The situation in Florida is an excellent illustration of the foregoing, somewhat abstract discussion. A while back, I came across a discussion of the impact of climate change on Florida residents and businesses. It began by focusing on the closure of assisted living facilities in that state as a result of huge increases in the cost of property insurance–not to mention the growing inability to even find a property insurer willing to write such coverage in Florida.

The state of Florida is incredibly vulnerable to climate change and to the newly numerous and severe weather events that change is triggering. Thanks to its shape and location, it is also uniquely vulnerable to rising sea waters–the Miami airport has spent some seven billion dollars “modernizing” and raising the elevation of the facility due to the speed at which Florida’s sea level is now rising. (Currently, by as much as 1 inch every 3 years.)

Right now, the most obvious effect of climate change on the state is the crisis of property insurance rates and availability.

It is not just business that is taking it on the chin. Floridians pay the highest home insurance rates in the country. The good old gator boys love to point out how expensive the Socialist Republic of New York is. But like all conservative rhetoric, it is vacuous self-congratulation with no foundation in reality.

Homeowners in the Sunshine State do not pay state income tax. But, while a married New Yorker earning $70,000 p.a. pays c.$2,726 in state income tax, a married Floridian living in a $300,000 house will pay c.$4,733 more ($6,366 vs. $1,633) than the NYer for home insurance.

Any effort to solve that crisis runs into DeSantis’ ideology–which denies the evidence every sensible Floridian can see.

Global warming denial is a state religion in Florida. As early as 2014, the Florida Department of Environmental Protection bosses banned their subordinates from saying “climate change” and “global warming.” Because, as everyone knows, the most effective way to tackle a problem is to deny it.

In March 2015, The Miami Herald reported what DEP employees had to say on the matter:

“We were told not to use the terms ‘climate change,’ ‘global warming’ or ‘sustainability,’” said Christopher Byrd, an attorney with the DEP’s Office of General Counsel in Tallahassee from 2008 to 2013.
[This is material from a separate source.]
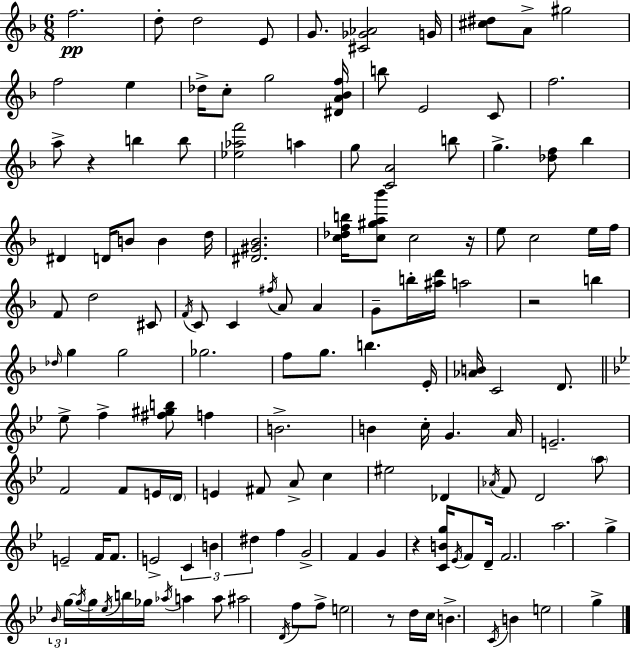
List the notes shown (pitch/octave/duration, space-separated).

“That message was communicated to me and my colleagues by our superiors in the Office of General Counsel.” Kristina Trotta, another former DEP employee who worked in Miami, said her supervisor told her not to use the terms “climate change” and “global warming” in a 2014 staff meeting. “We were told that we were not allowed to discuss anything that was not a true fact,” she said….

Gov. Ron DeSantis signed legislation deleting even the mention of climate change from state laws. It gets worse. As CNN reported:

The wide-ranging law makes several changes to the state’s energy policy – in some cases deleting entire sections of state law that talk about the importance of cutting planet-warming pollution. The bill would also give preferential treatment to natural gas and ban offshore wind energy, even though there are no wind farms planned off Florida’s coast.

The bill deletes the phrase ‘climate’ eight times – often in reference to reducing the impacts of global climate change through its energy policy or directing state agencies to buy ‘climate friendly’ products when they are cost-effective and available. The bill also gets rid of a requirement that state-purchased vehicles should be fuel efficient.

I’m not sure when ideology morphs into insanity…

A popular cartoon posed the question: what if there isn’t climate change and we made the world more livable for nothing?